WORK ORDER:
A verbatim copy of the lines from the one with "Capa Para iPhone" through the final line below is required; print it and nothing else.

INPUT DATA Start Marker

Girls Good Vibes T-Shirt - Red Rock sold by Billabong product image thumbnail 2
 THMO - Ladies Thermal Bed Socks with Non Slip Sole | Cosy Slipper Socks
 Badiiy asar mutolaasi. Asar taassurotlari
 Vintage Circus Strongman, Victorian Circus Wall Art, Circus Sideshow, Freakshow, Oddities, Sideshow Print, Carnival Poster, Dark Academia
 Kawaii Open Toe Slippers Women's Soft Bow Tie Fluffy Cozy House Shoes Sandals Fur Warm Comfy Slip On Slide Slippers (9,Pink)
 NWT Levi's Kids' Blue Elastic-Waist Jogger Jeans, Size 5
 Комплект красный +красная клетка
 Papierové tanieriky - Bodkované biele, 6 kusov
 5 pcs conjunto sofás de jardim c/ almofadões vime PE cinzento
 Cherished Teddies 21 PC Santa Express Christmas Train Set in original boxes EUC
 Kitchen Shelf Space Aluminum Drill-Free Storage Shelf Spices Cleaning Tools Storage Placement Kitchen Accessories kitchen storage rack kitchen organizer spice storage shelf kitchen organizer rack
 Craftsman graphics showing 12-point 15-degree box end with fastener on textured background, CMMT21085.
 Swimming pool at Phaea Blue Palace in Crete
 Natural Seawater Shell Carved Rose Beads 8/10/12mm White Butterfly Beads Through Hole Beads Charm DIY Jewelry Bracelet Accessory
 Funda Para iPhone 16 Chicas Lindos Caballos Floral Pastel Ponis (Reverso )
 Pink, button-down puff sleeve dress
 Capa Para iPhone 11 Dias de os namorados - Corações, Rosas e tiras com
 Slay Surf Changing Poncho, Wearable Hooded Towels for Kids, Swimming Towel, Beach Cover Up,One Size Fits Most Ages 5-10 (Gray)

INPUT DATA End Marker

ANSWER BOX:
 Capa Para iPhone 11 Dias de os namorados - Corações, Rosas e tiras com
 Slay Surf Changing Poncho, Wearable Hooded Towels for Kids, Swimming Towel, Beach Cover Up,One Size Fits Most Ages 5-10 (Gray)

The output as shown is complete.